È proprio la TV in scena che rappresenta la macchina infernale di cui i personaggi sono pedine. Personalmente non sono, come dicevo, un fan dello sport ma per quel poco che ho seguito sono sempre rimasto molto colpito dal modo che hanno i cronisti di narrare le azioni, ma anche le storie e i retroscena, degli sportivi in campo in modo crudo, oggettivante e talvolta spietato.

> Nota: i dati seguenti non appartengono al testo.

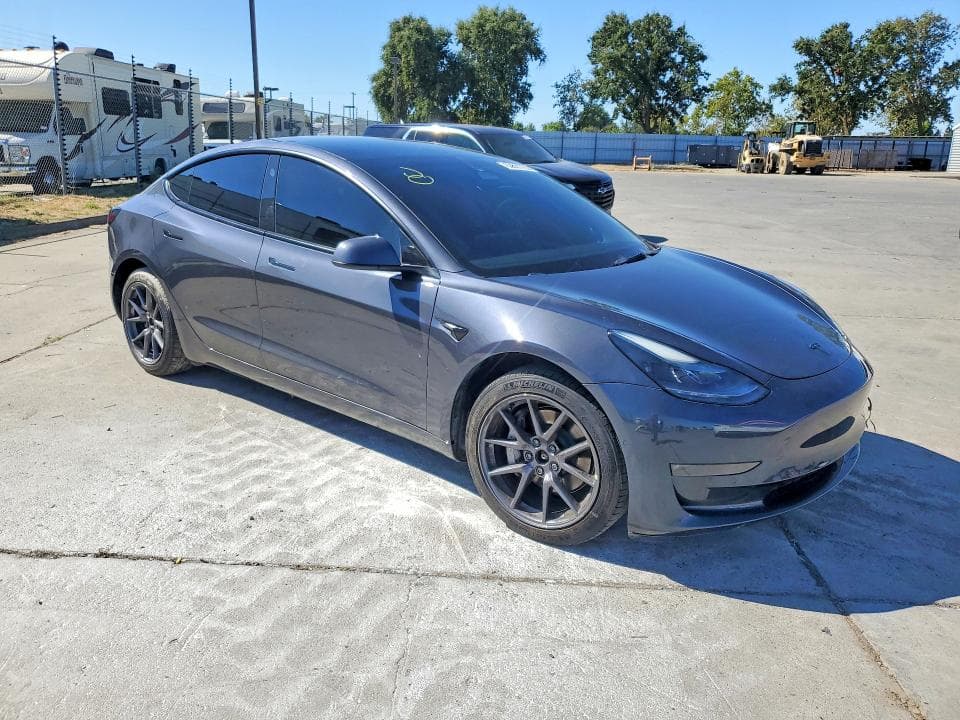 2022 TESLA MODEL 3 4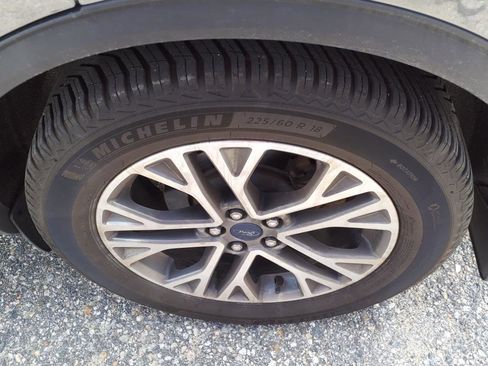 Used 2021 Ford Escape SEL image 8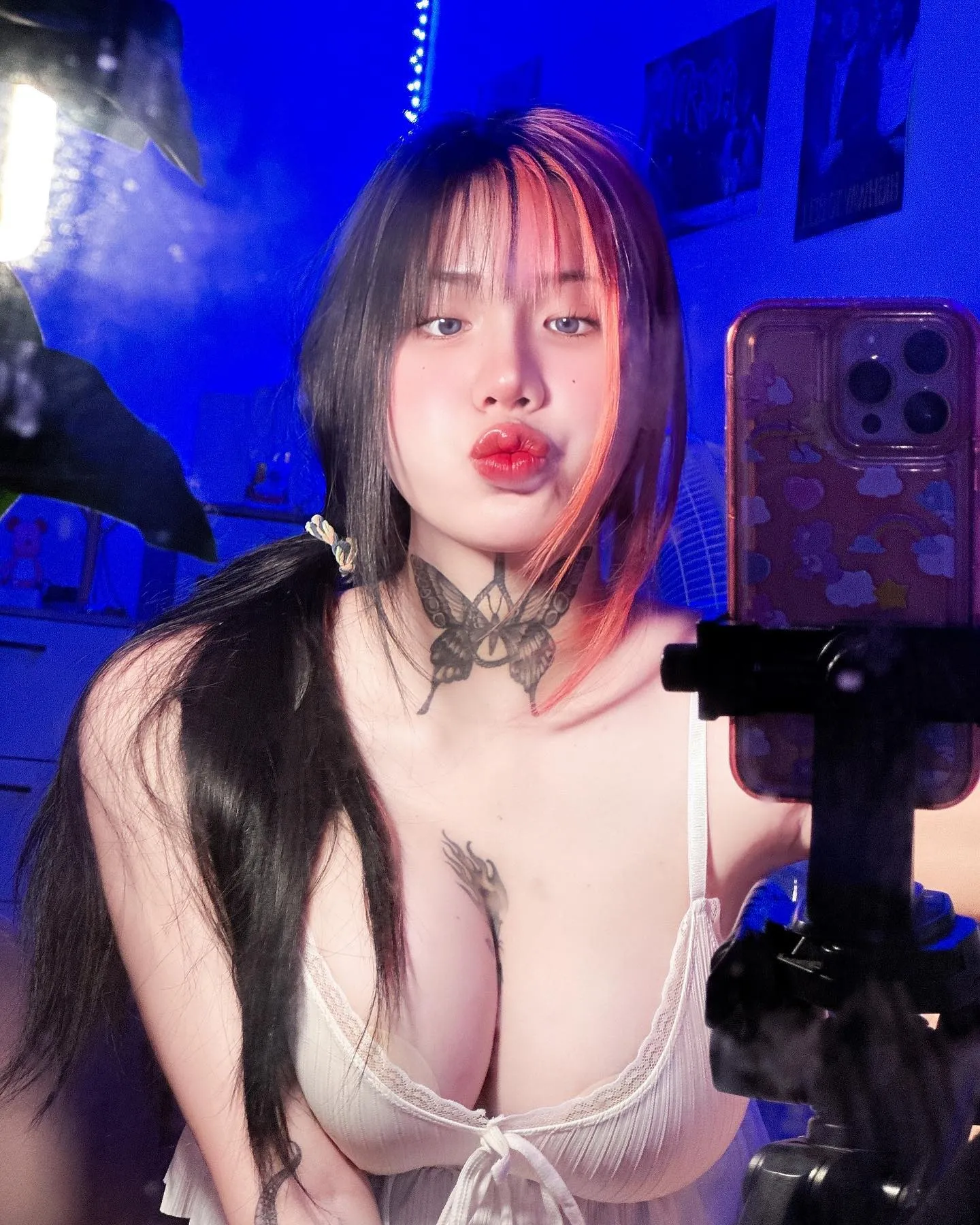 ไอริน โลกสีชมพู สาวสวยเน็ตไอดอลดาวยั่วสุดแซ่บมาแรงสาวลายสัก 18+ 4
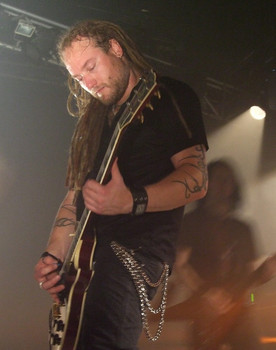 Martin Henriksson as Guitar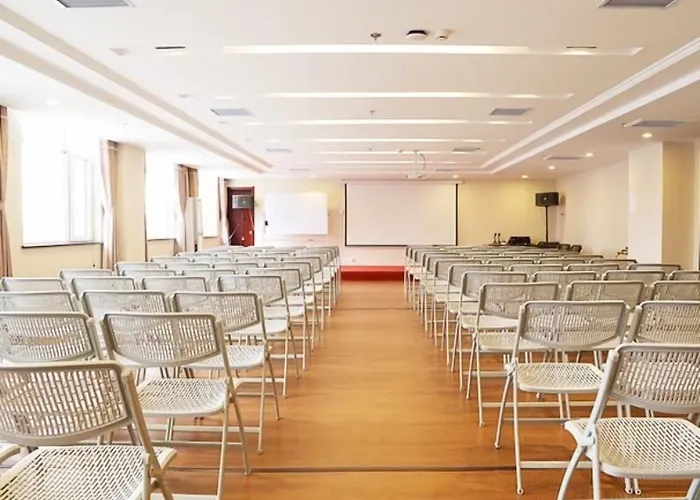 Greentree Tangshan Nanhu Jindi Business Hotel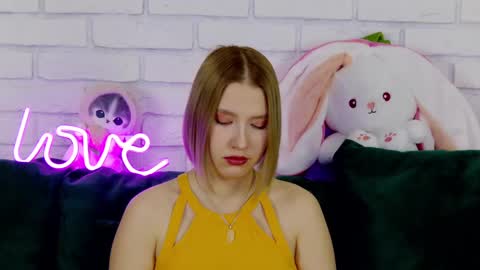 LiliLinn online show from March 5, 5:18 am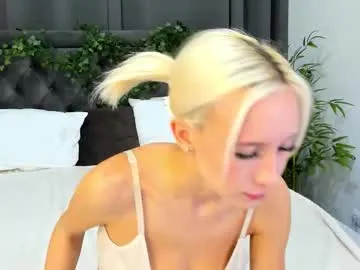 maryy_senn — stand up [3 tokens left] #smallass #nonude #blond #german #natural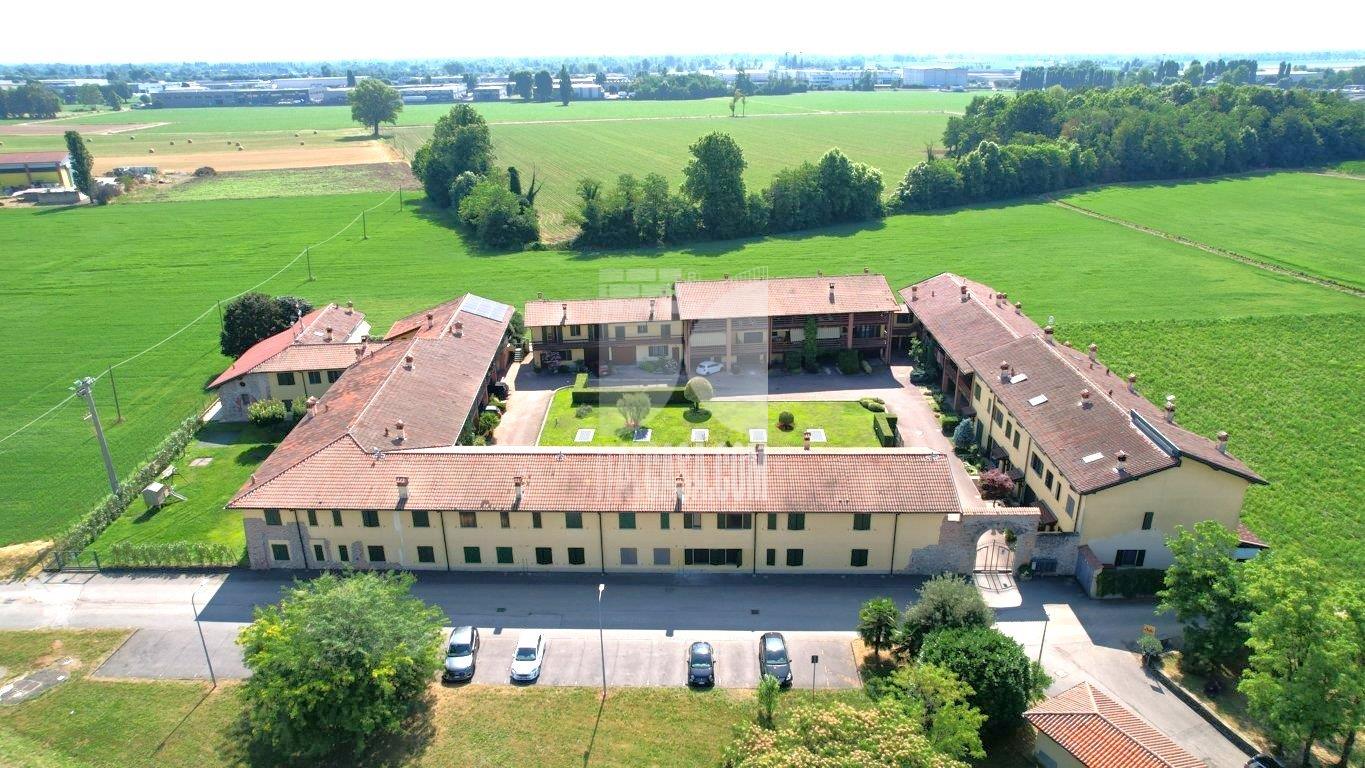 Villa a schiera in vendita a Cologno al Serio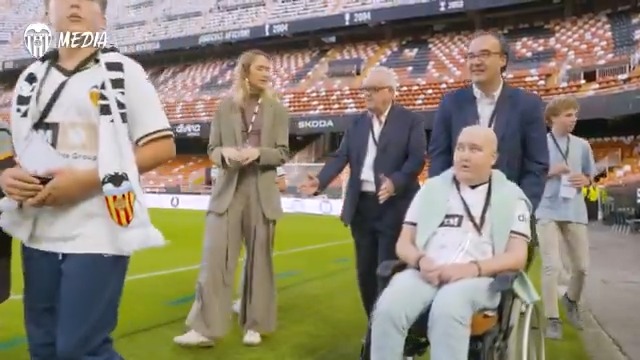 Lamentamos comunicar que nos ha dejado David Boronat, un valencianista que siempre fue ejemplo de superación, esfuerzo y valentía. Nuestro más sentido pésame para sus familiares y allegados. Siempre estarás en nuestro recuerdo, David. Descansa en paz 🦇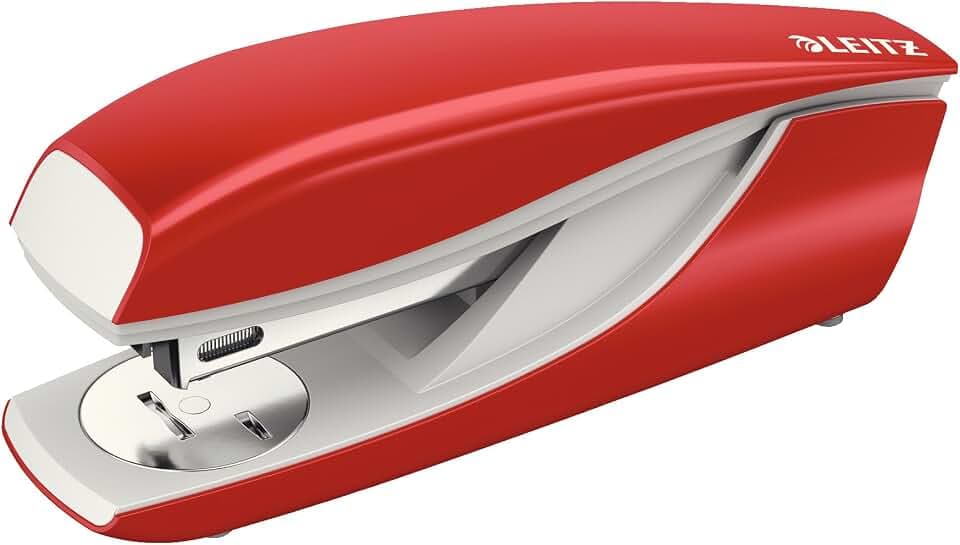 Leitz Büroheftgerät für 30 Blatt, Tacker aus Metall mit Kunststoffelementen, Inkl. 200 Heftklammern, NeXXt Serie, Rot, 55020025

Per questo ho desiderato moltissimo avere questo elemento in scena con cui gli stessi personaggi sono costretti a relazionarsi, ed Aurora è riuscita nel testo a portare all’estremo questo aspetto giudicante della voce del cronista che gracchia parole incuranti dalla TV. La “voce del padrone” andava azzittita a tutti i costi.

Foto di Enrico Giansanti

Il messaggio che si vuole trasmettere agli spettatori\spettatrici?

Che fallire è bello. La questione può apparire semplice, ma a livello inconscio i fallimenti vengono troppo spesso elaborati come traumi, piccoli o grandi che siano, difficili da superare realmente e spesso da rielaborare “a freddo” magari con l’aiuto di un professionista. Il fallimento, nonostante quello che ci vogliono far credere, fa davvero parte della vita dell’essere umano: siamo esseri estremamente complessi che per vivere in questo mondo e in società devono relazionarsi con una quantità infinita di stimoli per poi essere costretti ad elaborarne e a fornirne le risposte, per se stessi e al di fuori di sé. Proprio per questo, c’è da dircelo ogni giorno, siamo esseri FALLIBILI. E dicendoci questo operiamo un atto di emancipazione, di rivalsa, di vittoria. Per noi e per tutti gli altri esseri umani.